Das Glas war gefüllt. Schmidts Blick streifte die Unterlagen. »Wir kriegen euch!«, sprach er leise drohend vor sich hin. Es folgten mehrere kräftige Schluckgeräusche – das Glas war leer.
Es würde nicht einfach werden, den Ermittlungsverlauf zukünftig zu verfolgen. Kontakte hatte er viele, doch in diesem Fall war nun eine spezielle Sondereinheit tätig. Dass es sie gab, wusste er, aber wer oder was genau dahinter stand, wer der eigentliche Befehlshaber war, das hatte ihm niemand sagen können. Dieser arrogante Haufen machte eher den Eindruck eines militärischen Stoßtrupps als einer reinen Aufklärungseinheit.
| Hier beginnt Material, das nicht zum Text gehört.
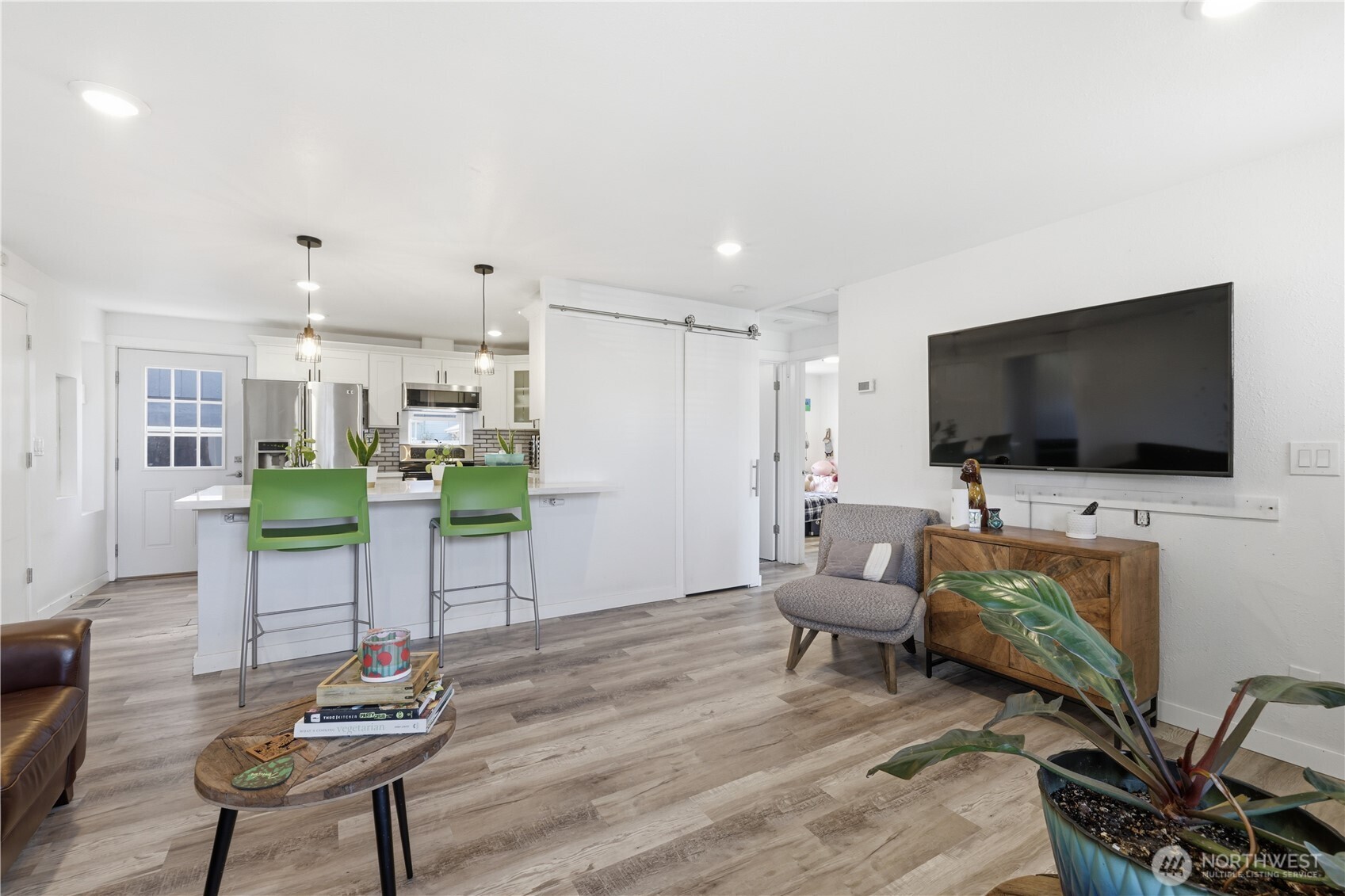 622 6th Street Property Photo 3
Etwas Geheimnisvolles musste auf der Bergspitze geschehen sein – und etwas Grauenhaftes.
Der alte Kommissar runzelte die Stirn. Die Aufnahmen des Tatorts wurden vor seinem Auge fast lebendig. Bei der Suche nach den Kindern soll also ausgerechnet ihr Team von der Spurensuche rein zufällig auf den Übergabeplatz eines mächtigen Drogenkartells gestoßen sein?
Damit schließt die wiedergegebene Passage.